Grâce au soutien des libéraux de Jean Charest, le lieutenant-gouverneur Pierre Duchesne pourra toucher cette année son allocation annuelle de 775 000 $.

Le gouvernement a décliné mercredi l'invitation de l'opposition péquiste de s'associer à une motion visant à couper les vivres au représentant de la monarchie britannique au Québec.

La motion du PQ, qui sera déposée jeudi, informe le lieutenant-gouverneur que l'Assemblée nationale s'abstiendra de voter les crédits qui lui sont destinés, le privant de la contribution financière annuelle de l'État québécois.

L'objectif poursuivi par le Parti québécois est de sanctionner M. Duchesne pour son refus de rendre des comptes sur ses dépenses devant les élus.

«En demandant que l'Assemblée nationale refuse de voter les crédits du lieutenant-gouverneur, la motion que nous présenterons amènerait une économie nette de près de 800 000 $, sans coupure de services, aucune coupure aux Québécois et aux Québécoises», a fait valoir en Chambre la députée de Taschereau, Agnès Maltais.

«Le gouvernement va-t-il s'associer à nous pour réitérer sa dénonciation du refus de rendre des comptes du lieutenant-gouverneur et demander à l'Assemblée nationale de ne pas lui voter de crédits?», a-t-elle poursuivi, bien consciente de placer le gouvernement dans une position délicate.

De fait, les libéraux ont rejeté la proposition du revers de la main, y voyant un stratagème du Parti québécois pour mousser la souveraineté.

Incapable de faire accepter son projet par la majorité, le PQ cherche à imposer la souveraineté à la pièce, a résumé le leader parlementaire du gouvernement, Jacques Dupuis.

«Quand vous dites qu'on va s'opposer à tout crédit lié à la fonction du lieutenant-gouverneur, évidemment, c'est nier l'existence du lieutenant-gouverneur, et ça, on n'entrera pas dans le jeu des péquistes. La population ne veut rien savoir de la souveraineté», a avancé M. Dupuis.

Le lieutenant-gouverneur du Québec a soulevé la colère des élus la semaine dernière en refusant de se présenter en commission parlementaire pour rendre des comptes sur sa gestion.

Pour justifier sa décision, M. Duchesne avait évoqué les conventions en vigueur dans les pays du Commonwealth et les privilèges reliés à sa fonction monarchique.

La position adoptée par le lieutenant-gouverneur n'a pas seulement été critiquée par les souverainistes mais aussi par le premier ministre Jean Charest.

De l'Inde, où il était en mission, M. Charest avait déploré la décision de M. Duchesne de ne pas participer aux travaux de la commission de l'administration publique.

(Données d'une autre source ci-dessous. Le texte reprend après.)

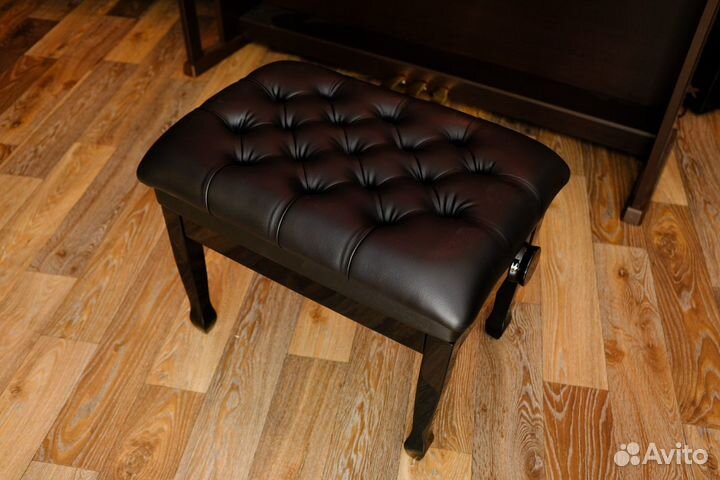 Банкетка для пианино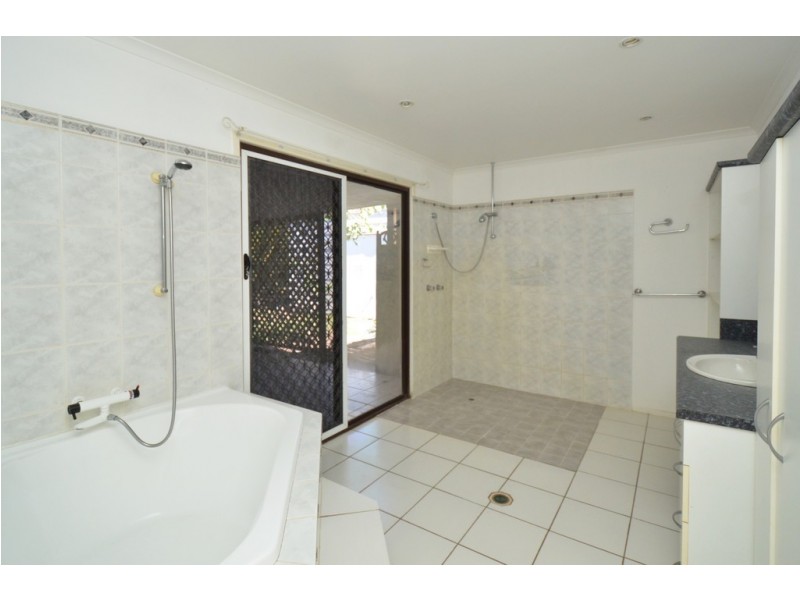 8 Acheron Drive, Balgal Beach QLD 4816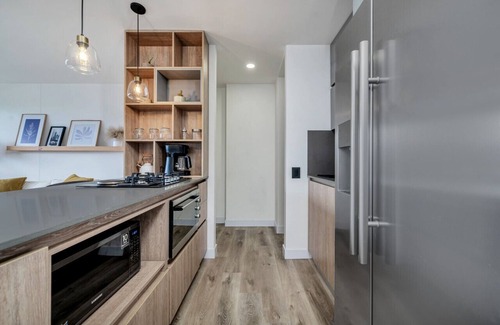 La Aguacatala Apartment | Go Living 408 · Luxury Apt with AC in El Poblado, GYM and co-work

En effet, «tout le monde est unanime» à regretter que le lieutenant-gouverneur ne soit pas venu en commission parlementaire, a convenu le leader parlementaire du gouvernement.

Mais de là à couper les vivres du représentant de la Reine pour faire plaisir aux souverainistes, il y a un pas que le gouvernement libéral ne franchira pas, a fait comprendre M. Dupuis.

«On ne jouera pas dans le stratagème des péquistes, a insisté M. Dupuis. On n'embarquera pas là-dedans. Jamais.»

Les effets de toge du leader du gouvernement lui ont valu les moqueries de son vis-à-vis de l'opposition péquiste, Stéphane Bédard.

«Le leader va se gagner une médaille du lieutenant-gouverneur avec ce qu'il a dit», a lancé M. Bédard, suscitant l'hilarité dans les banquettes de l'opposition.